## Short text fragments from websites
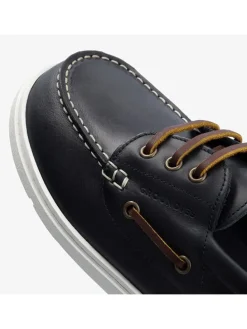Leren barefootschoenen 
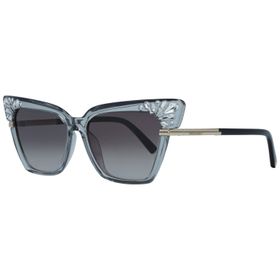 Dsquared2 DQ0293 20B 55 Gri Grigio Unisex Güneş Gözlüğü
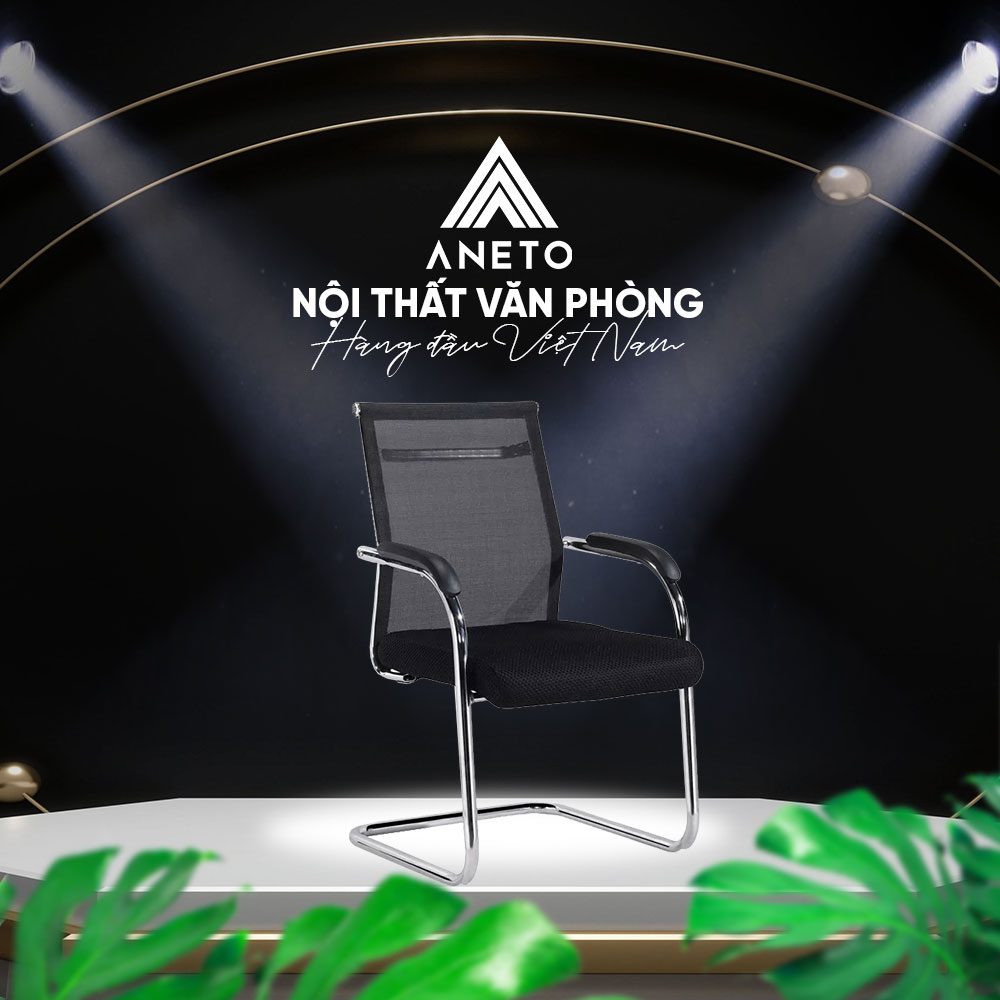 Ghế lưới văn phòng: Giải pháp ngồi mát, nhẹ nhàng cho mùa hè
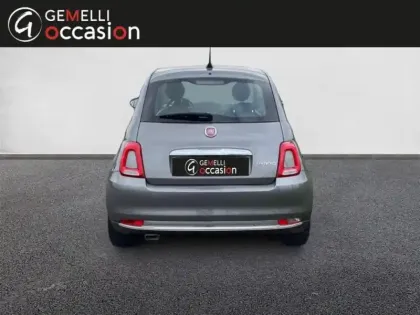 Photo 14 Fiat 500  1.0 70ch BSG S&S Star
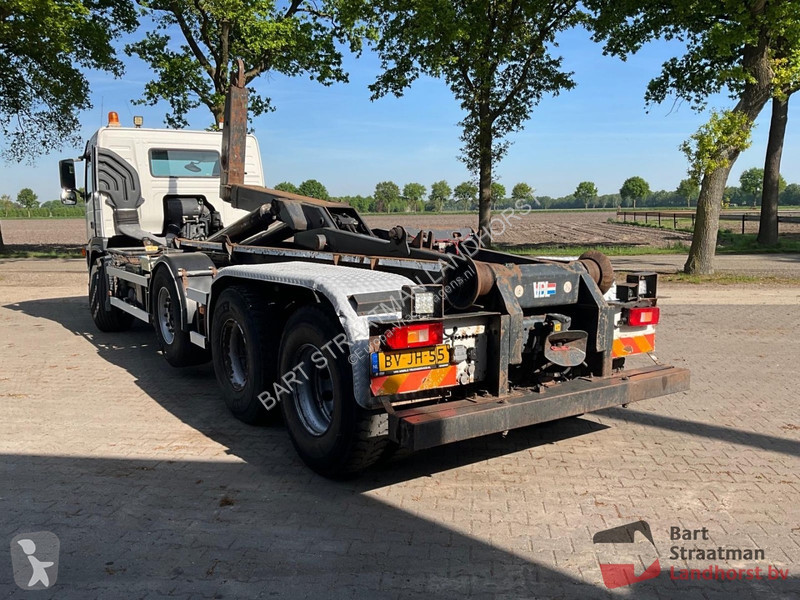 Kamion Volvo FM 440 8x4 Euro 5 with VDL Ton...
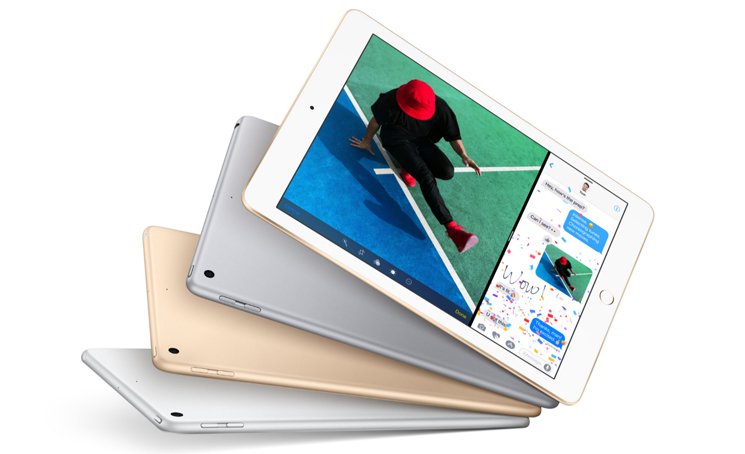 Apple odgrzewa iPada Air 2 i nazywa go iPad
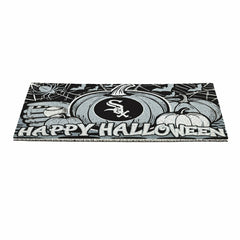 Chicago White Sox Halloween PVC Mat, 28"x16", MLB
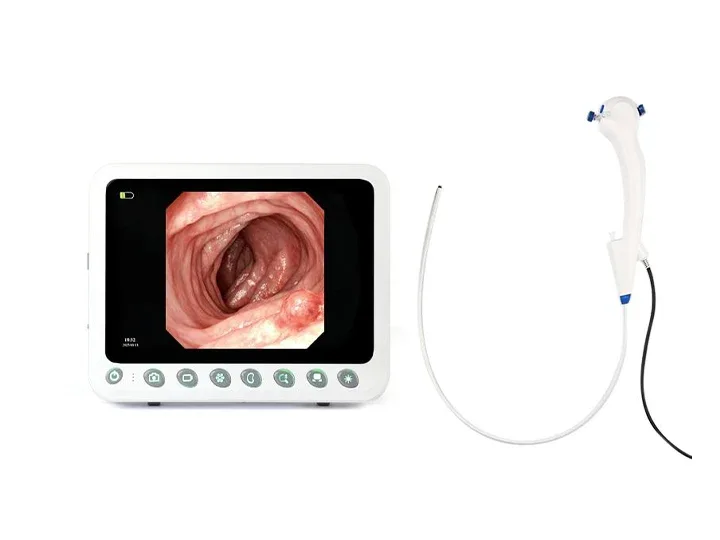 Medical Bronchoscope machine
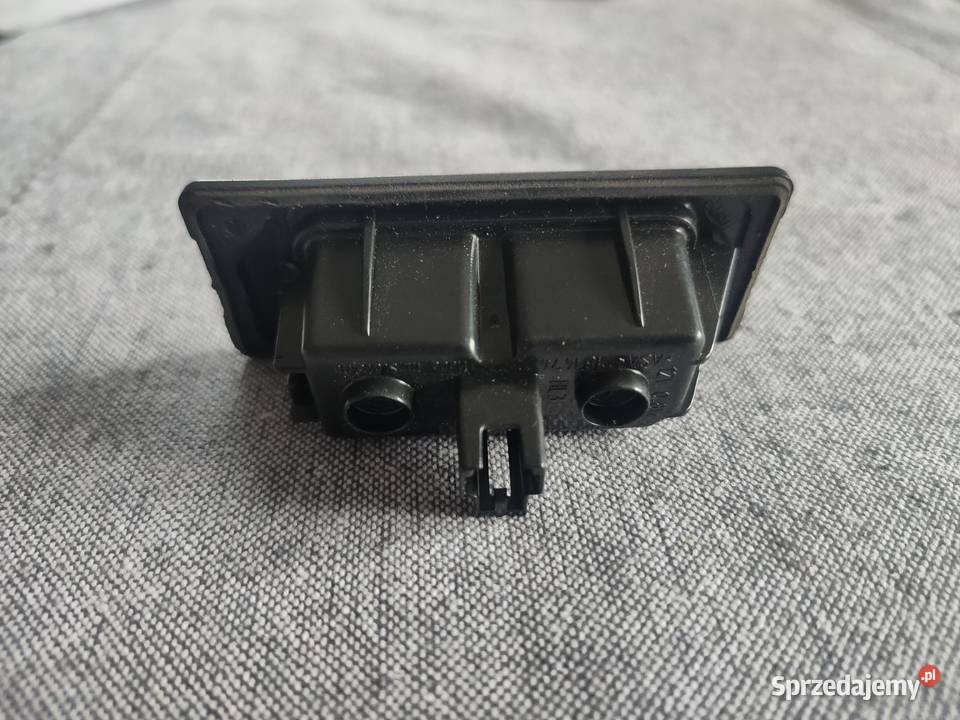 Audi Vw Lampka Tablicy Rejestracyjnej 4G0943021 Radziszów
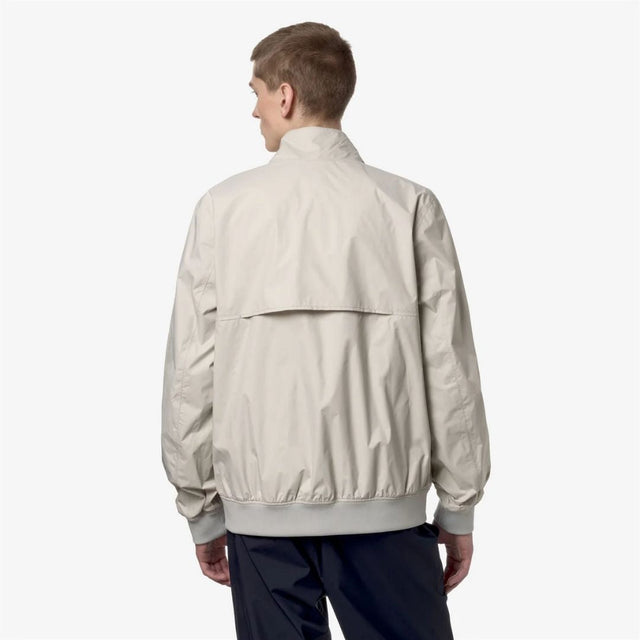 K-Way Arsene Plus 2 Double Beige LT - Blue D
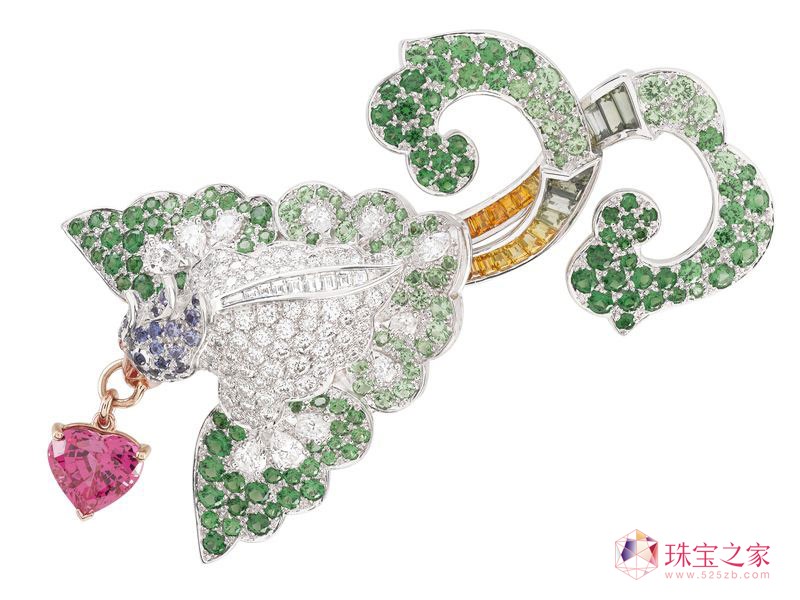 ŌVan Cleef & ArpelsB(nio)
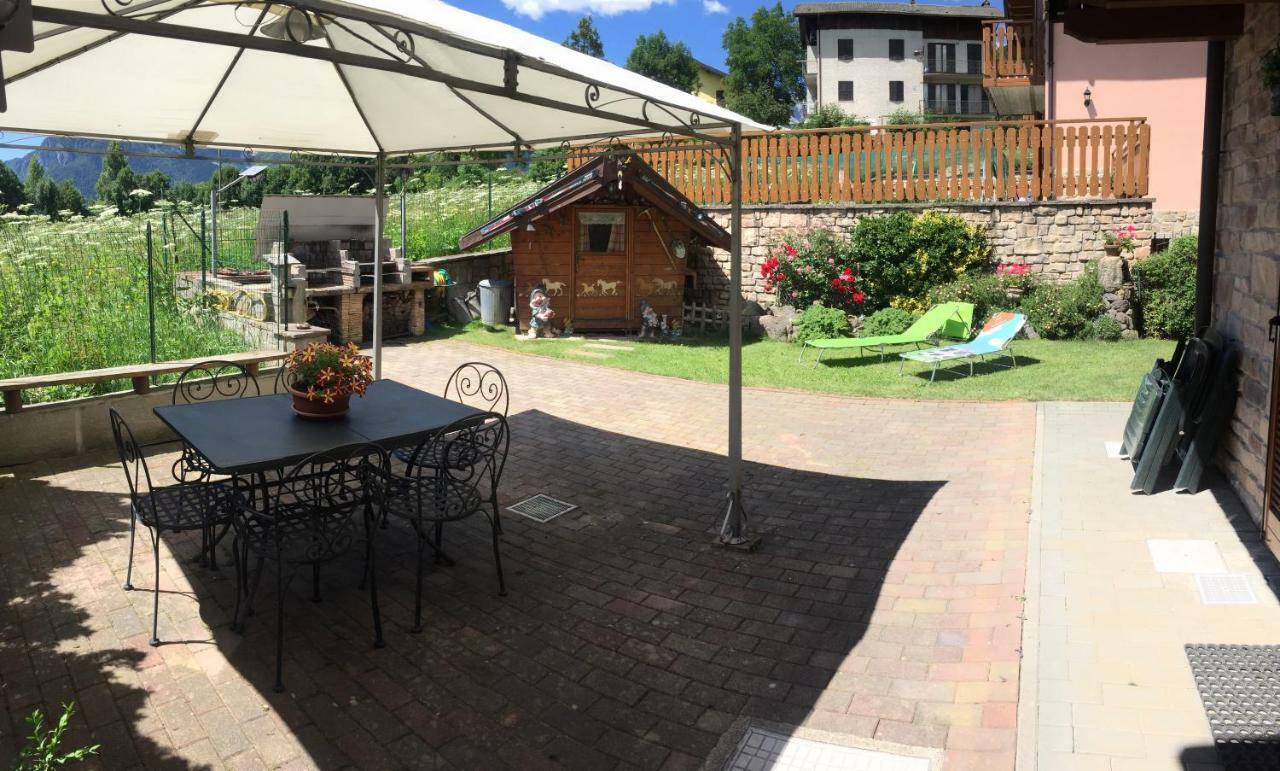 Vilmaggiore Scalve E La Presolanaヴィラ エクステリア 写真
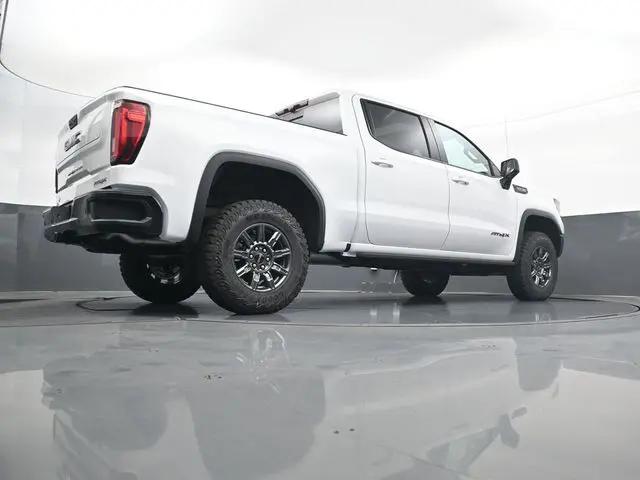 2026 GMC Sierra 1500 Crew Cab, Short Bed, AT4X, 4WD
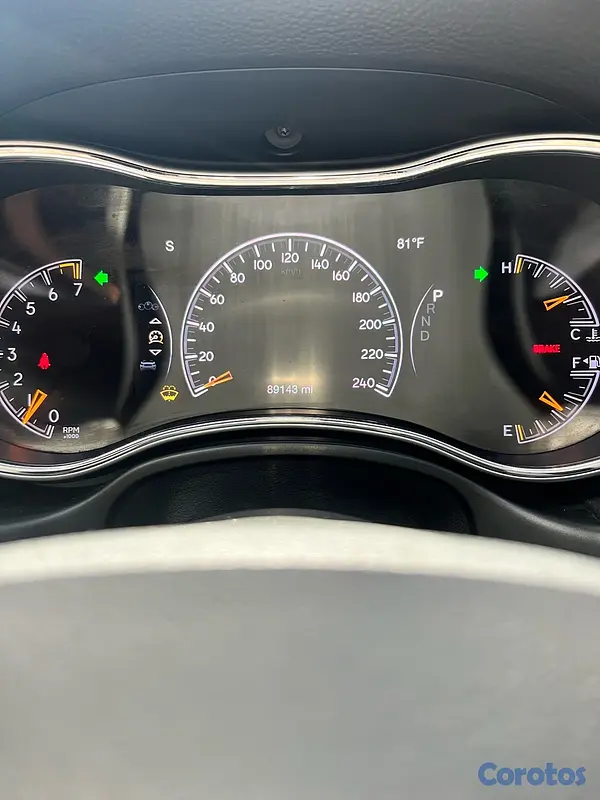 jeepetas y camionetas - ♻️JEEP GRAND CHEROKEE LADERO 2019✅ 3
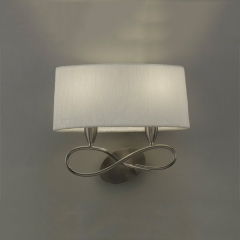 Настінний світильник Mantra Lua 3707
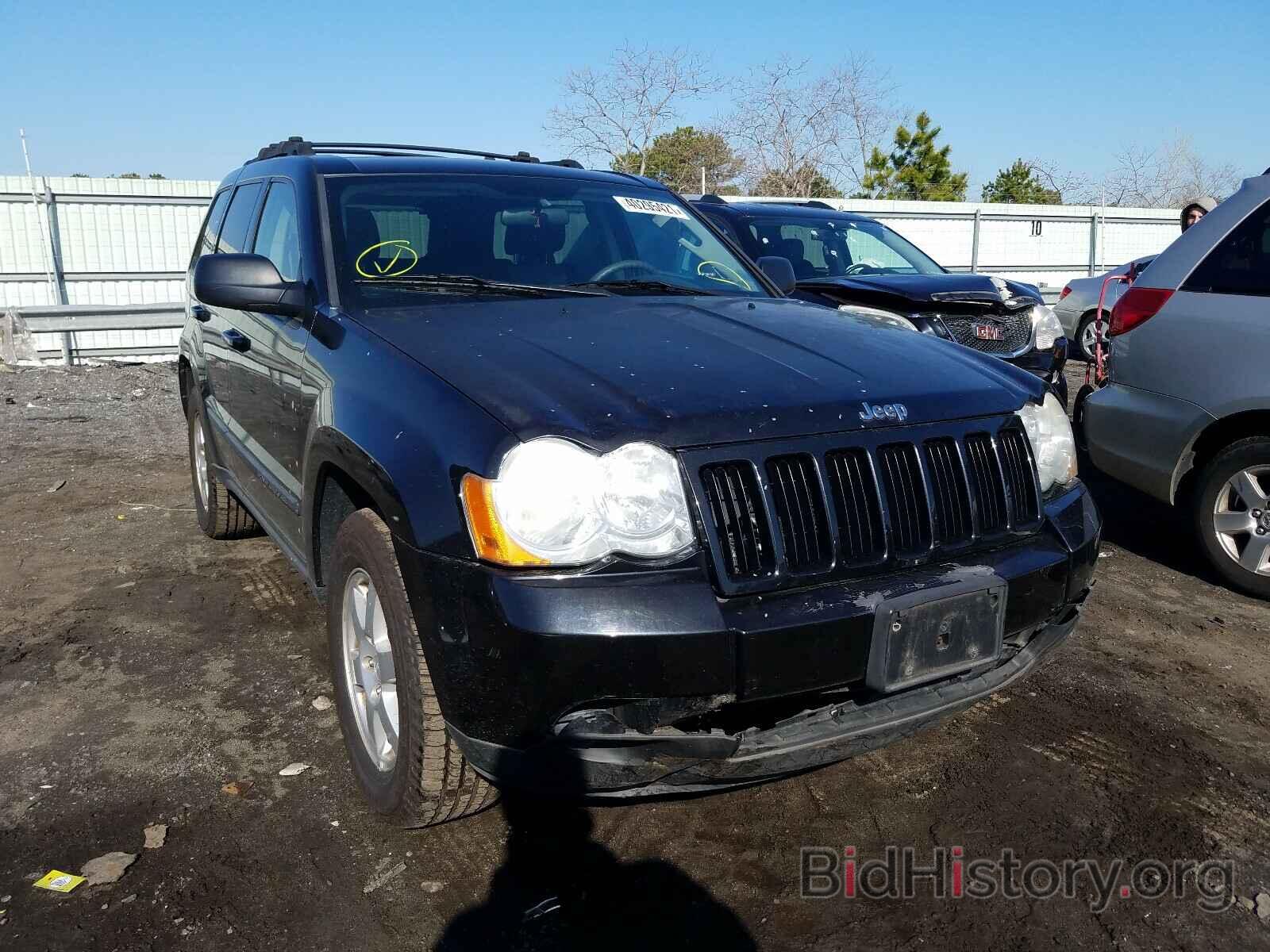 Фотография 1J8GR48K69C531306 - JEEP CHEROKEE 2009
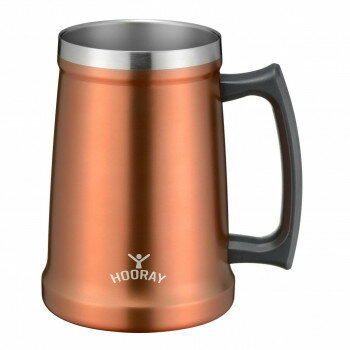 フーレイ ジョッキタンブラー700ml(コッパー) ME-7506 1034495 【北海道・沖縄・離島配送不可】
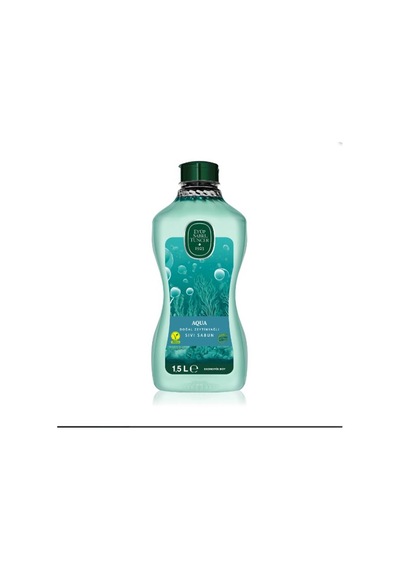 Eyüp Sabri Tuncer 1,5lt Aqua Doğal Zeytin Yağlı Sıvı Sabun Pet Şişe Diğer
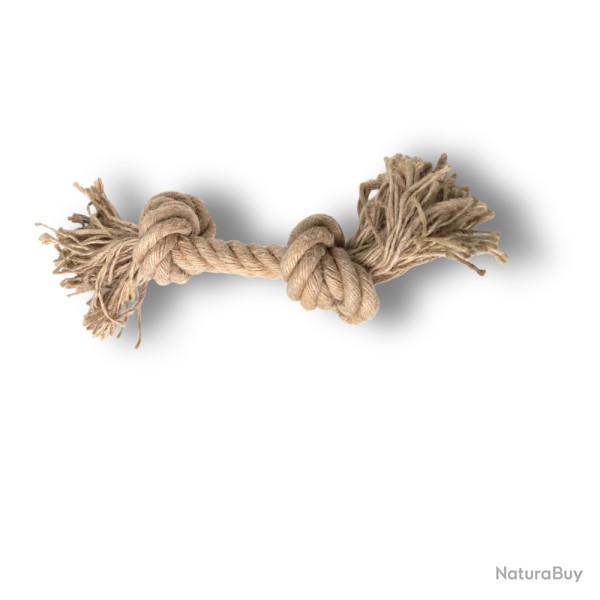 Corde Deux Noeuds XL (2,6cm x 50cm)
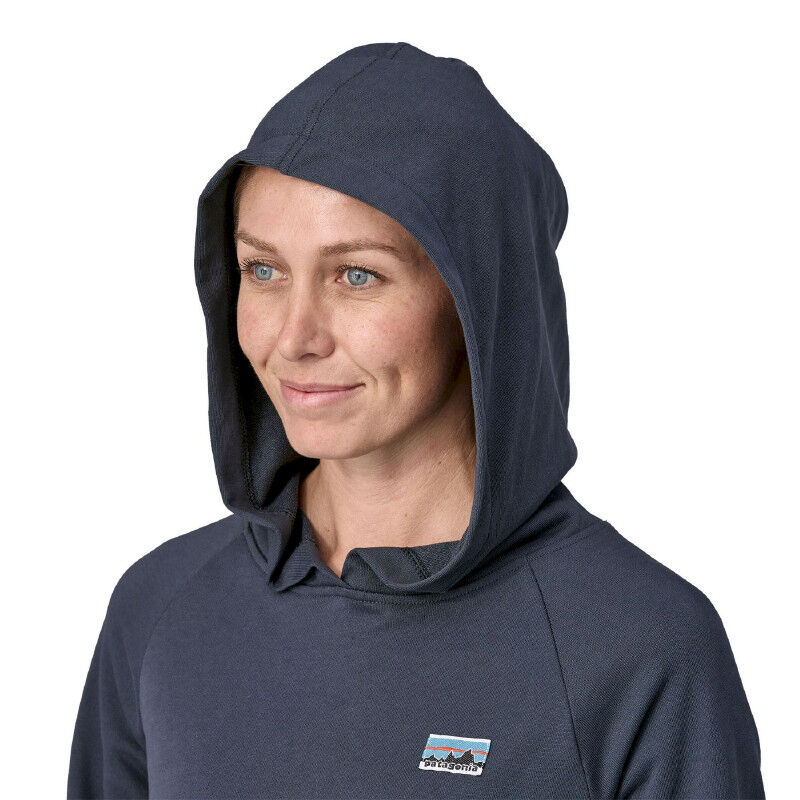 Patagonia Regenerative Organic Certified Cotton Essential Hoody Hoodie Women s Hardloop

## YOUR TASK
Begin at the line containing "Kamion Volvo FM" and stop at the final line of the data. Retype those lines exactly, without the pictures.

## RESPONSE
 Kamion Volvo FM 440 8x4 Euro 5 with VDL Ton...
 Apple odgrzewa iPada Air 2 i nazywa go iPad
 Chicago White Sox Halloween PVC Mat, 28"x16", MLB
 Medical Bronchoscope machine
 Audi Vw Lampka Tablicy Rejestracyjnej 4G0943021 Radziszów
 K-Way Arsene Plus 2 Double Beige LT - Blue D
 ŌVan Cleef & ArpelsB(nio)
 Vilmaggiore Scalve E La Presolanaヴィラ エクステリア 写真
 2026 GMC Sierra 1500 Crew Cab, Short Bed, AT4X, 4WD
 jeepetas y camionetas - ♻️JEEP GRAND CHEROKEE LADERO 2019✅ 3
 Настінний світильник Mantra Lua 3707
 Фотография 1J8GR48K69C531306 - JEEP CHEROKEE 2009
 フーレイ ジョッキタンブラー700ml(コッパー) ME-7506 1034495 【北海道・沖縄・離島配送不可】
 Eyüp Sabri Tuncer 1,5lt Aqua Doğal Zeytin Yağlı Sıvı Sabun Pet Şişe Diğer
 Corde Deux Noeuds XL (2,6cm x 50cm)
 Patagonia Regenerative Organic Certified Cotton Essential Hoody Hoodie Women s Hardloop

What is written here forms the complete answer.